How to speed up this simple code? Multithreading, simd, inbounds

Juan · January 16, 2019, 1:50am

I’m starting to use Julia and comparing its speed to R.

For this simple example their speeds are almost the same.
How would you make it faster?

function f2(N)
    S = 0
Threads.@threads for i in 1:N 
    se = 1:i
    S = S + sum(se .* se)
    end 
end

@time f2(30000)

Julia reports it’s using 8 cores but I can’t detect any improvement by using Threads.@threads.
@inbounds doesn’t seem to improve either.
I guess @simd is not appropriate here because swapping the two inner lines won’t produce the same result.

evanfields · January 16, 2019, 2:16am

I’m far from a threading expert but: the code sample you provided doesn’t look thread-safe; the loop body reads from and modifies the variable S, so different iterations of the loop may simultaneously operate on S.

Maybe you could explain a little what the code is supposed to do? It also looks like the function doesn’t return anything.

All that said, I think you can speed up significantly by allocating less. Consider two similar functions:

function f_allocate(N)
    s = 0
    for i in 1:N
        range = 1:i
        s += sum(range .* range)
    end
    return s
end

function f_fast(N)
    s = 0
    for i in 1:N
        s += sum(j^2 for j in 1:i)
    end
    return s
end

They’re the same except for allocating the full vector range .* range. And the fast (non-allocating) version is 100 times faster!

using BenchmarkTools
@show @benchmark f_allocate(1000)
@show @benchmark f_fast(1000)


julia> @show @benchmark f_allocate(1000)
#= REPL[30]:1 =# @benchmark(f_allocate(1000)) = Trial(552.859 μs)
BenchmarkTools.Trial:
  memory estimate:  3.96 MiB
  allocs estimate:  1000
  --------------
  minimum time:     552.859 μs (0.00% GC)
  median time:      683.663 μs (0.00% GC)
  mean time:        838.032 μs (16.92% GC)
  maximum time:     32.806 ms (98.22% GC)
  --------------
  samples:          5946
  evals/sample:     1

julia> @show @benchmark f_fast(1000)
#= REPL[31]:1 =# @benchmark(f_fast(1000)) = Trial(4.193 μs)
BenchmarkTools.Trial:
  memory estimate:  0 bytes
  allocs estimate:  0
  --------------
  minimum time:     4.193 μs (0.00% GC)
  median time:      4.397 μs (0.00% GC)
  mean time:        4.582 μs (0.00% GC)
  maximum time:     17.832 μs (0.00% GC)
  --------------
  samples:          10000
  evals/sample:     7

Juan · January 16, 2019, 2:22am

Nothing important, it’s just to test.
It creates vectors of increasing size and sums the square of its elements, and then adds everything.
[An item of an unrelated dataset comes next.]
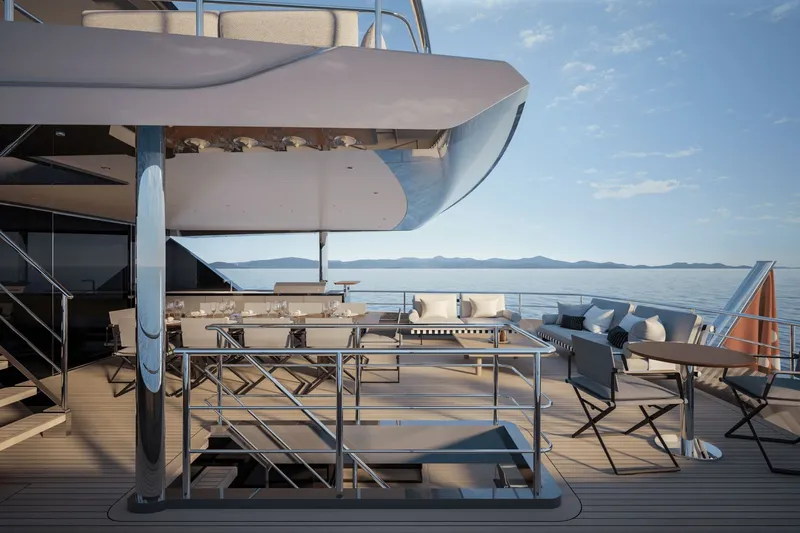  Yacht Photos Pics Luxury yacht Ocean Alexander 35P 2026, stylish deck with ocean view.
I think it’s thread-safe because the sum is commutative.

PS:
I forgot to say “if possible use the same algorithm” because the idea is to compare with R with the same algorithm. Though, maybe you are using the same algorithm, I need to think about it.

evanfields · January 16, 2019, 2:28am

(I edited my post above with a performance suggestion.)

I am skeptical of that thread safety. Here’s a test:

function f_thread(n)
    s = 0
    Threads.@threads for i in 1:n
        s += sum(j*j for j in 1:i)
    end
    return s
end

julia> f_thread(1000)
39967308241

julia> f_thread(1000)
4114724460

julia> f_thread(1000)
31381948695

That f_thread function has the same pattern of modifying a variable outside the threaded loop as your f2, and despite having no randomness, its result is nondeterministic - because of race conditions.

Juan · January 16, 2019, 2:31am

And how would you add @simd or @inbounds or other interesting macro?

yuyichao · January 16, 2019, 2:32am

You are describing a property of the operation and the correct conclusion is that the operation is parallelizable (I think you also need associativity btw)

Thread safety is a property of the code, your code is not.

Juan · January 16, 2019, 2:33am

OK, I didn’t know there could exist thread-safety problems.
Can I parallelize it with other tools such as @parallel?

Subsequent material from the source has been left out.